How did you come to design the cover for The Ministry of Utmost Happiness?
I designed The God of Small Things, Arundhati’s first book, back in 1998. The creative process for that first one was very collaborative; we worked together closely in producing the final design. So for the new book, I was asked to work up some cover designs – and I was so pleased to be asked!
How was Arundhati involved in the design process this time?
Arundhati was pivotal in helping to find the right tone for the cover. We worked iteratively: I would send designs and then she would feed back overnight.
It’s wonderful to have a truly open-minded author. Arundhati really allowed me follow my own direction, to explore and experiment, whilst also being so constructive and engaged, adding in key ideas that eventually made the design lock together as a whole.
What inspired the design?
The initial idea came out of some gorgeous, rich images that Arundhati sent me: they were simply photographs of beautiful old gravestones.
One of the novel’s core settings is a graveyard – it becomes very important in the story and it speaks to many of its themes and ideas – so it felt right to reference that setting on the jacket.
I spent some time examining the gravestone photos Arundhati sent. One in particular sang out at me, and that became the starting point for constructing the front cover panel.
Gravestone photo by Mayank Austen Soofi
How did you create the image?
I started from my favourite gravestone photograph, and added in details from some of the other gravestones too, building a composite image from many parts. I wanted to give the cover real depth, so my next step was to convert the gravestone design into a digital 3D model. I combined this model with the Photoshop composite image, which allowed me to add in effects: conveying light, eroding and distressing parts of the stone to create the sense of age and decay.
The digital 3D model of the gravestone
Overlaid on the gravestone, I added the core motifs. Each of these details was created as a standalone element, because I knew that foreign publishers would need to be able to move them around. For example, the rose slightly overlaps the title text, and the length and position of that text will change on foreign language editions – so it has to be able to move, to be adaptable for every edition of the book across the world.
Combining visuals for the cover
Where did the all the individual details come from?
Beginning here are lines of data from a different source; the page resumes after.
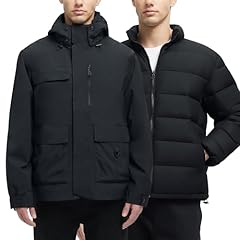 Ygreyg men waterproof for sale  Delivered anywhere in USA 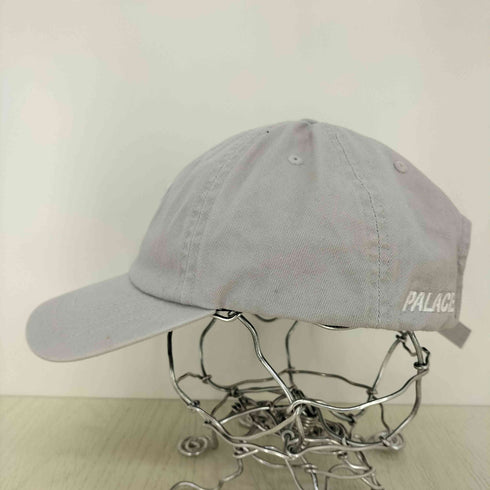 パレス PALACE 25aw P 6-PANEL CAP メンズ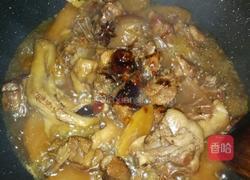 子姜鸭肉的做法图解6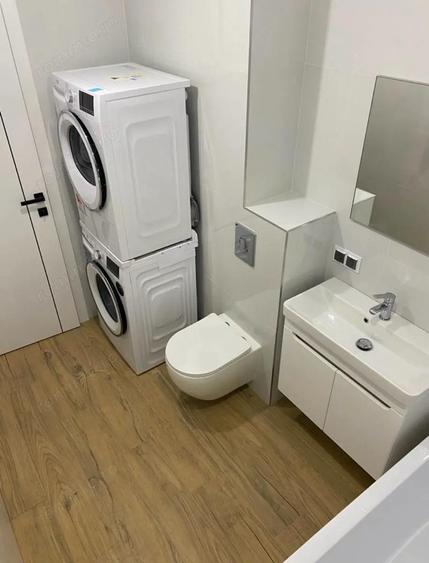 garsoniera in zona Crangasi aproape de metrou - 3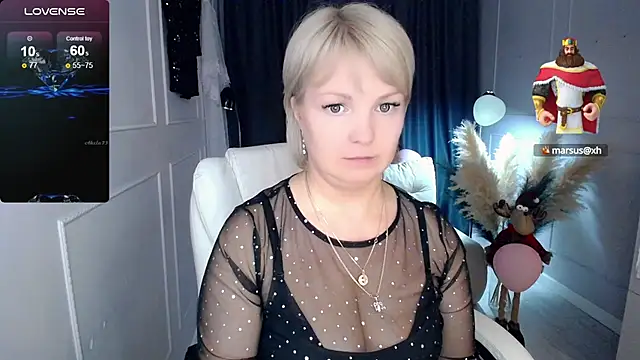 Juarnea online show from March 2025 06:22:01 PM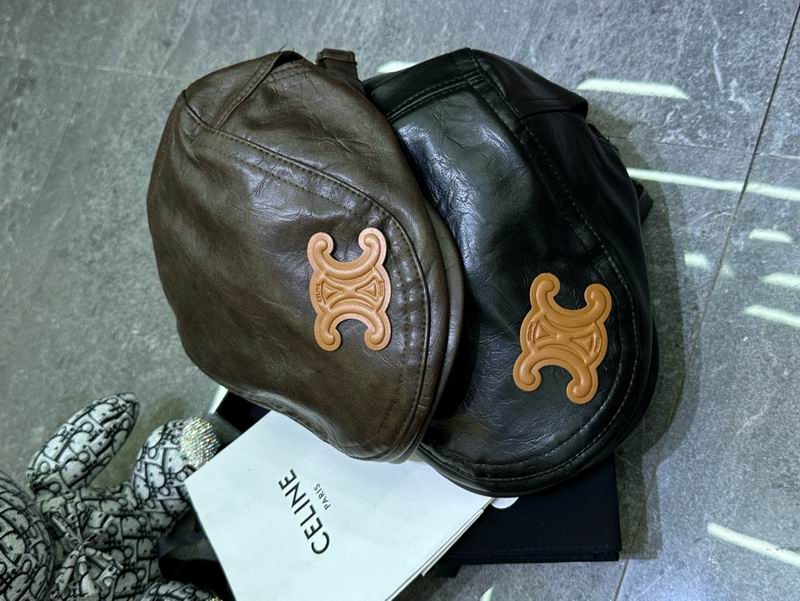 Celine beret dx (242)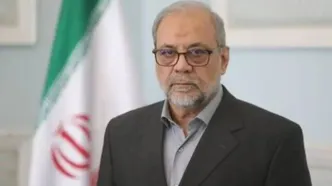 اقامت پسر محمدباقر ذوالقدر در خارج از کشور؟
It was Arundhati’s idea to have some details ‘falling off' the cover; the flower on the spine, the seal on the front flap. I love how this makes the design flow onto all the parts of the cover. The seal especially is a useful device, as it links the full-colour part of the cover into the bespoke patterned ‘endpapers’ at the front and back of the book, as well as appearing in foil on the case. Hopefully it will be used as a chapter dingbat – one of those ornamental motifs that break up the text – within the book, too.
The seal began as an old clipping I found on a collectors’ website, delcampe.net. I remembered one particularly evocative piece of writing in the book that describes a crow suspended in the air. I wanted to use that as a kind of icon, so Arundhati sent me a picture of the crow that was her inspiration. I drew the seal’s central image from her picture, filling the rest of the space with other animals from the book. And you can see how the seal’s unusual border shape echoes the gravestone panel on the front cover.
What is the most important element of this cover for you?
I like the fact that, on closer inspection, the objects of beauty are in fact in the process of decay. Also, there’s a tiny fly caught in time on the front of the book – I like him very much.